Dataset content>
#####
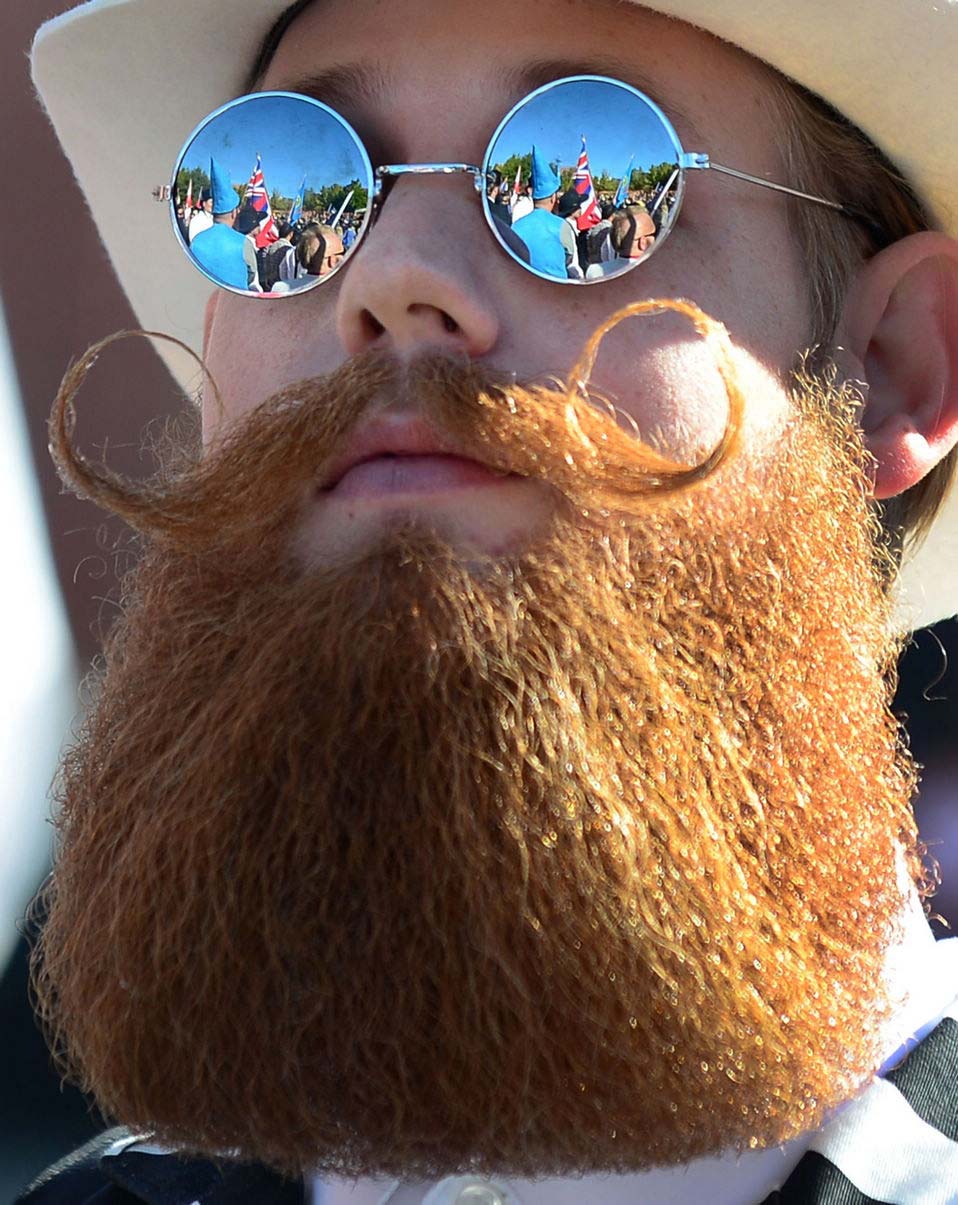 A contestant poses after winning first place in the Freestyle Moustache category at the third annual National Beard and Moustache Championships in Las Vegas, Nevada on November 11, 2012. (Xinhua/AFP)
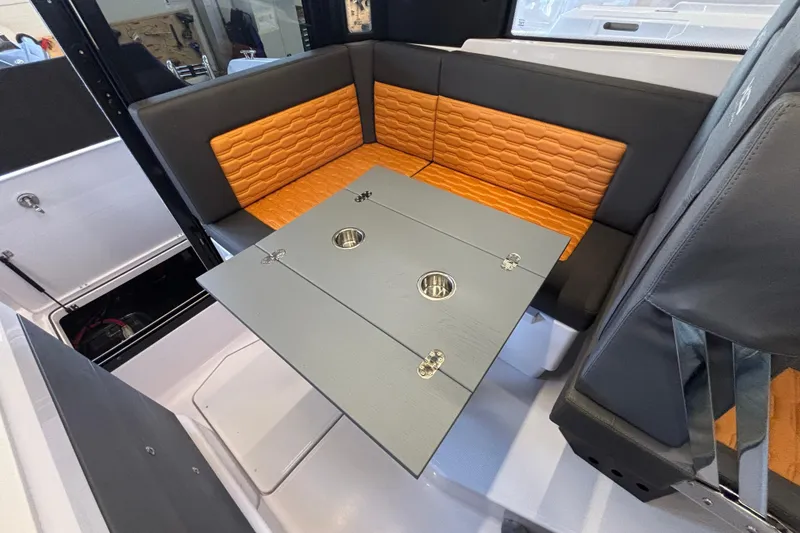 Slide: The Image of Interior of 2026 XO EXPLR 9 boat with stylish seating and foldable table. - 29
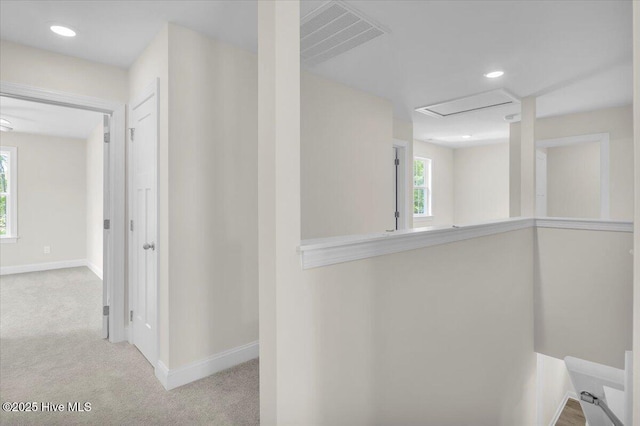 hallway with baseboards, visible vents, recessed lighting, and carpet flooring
#####
What you have to do>
Could you copy the listing above exactly, without its pictures?

Result>
 A contestant poses after winning first place in the Freestyle Moustache category at the third annual National Beard and Moustache Championships in Las Vegas, Nevada on November 11, 2012. (Xinhua/AFP)
 Slide: The Image of Interior of 2026 XO EXPLR 9 boat with stylish seating and foldable table. - 29
 hallway with baseboards, visible vents, recessed lighting, and carpet flooring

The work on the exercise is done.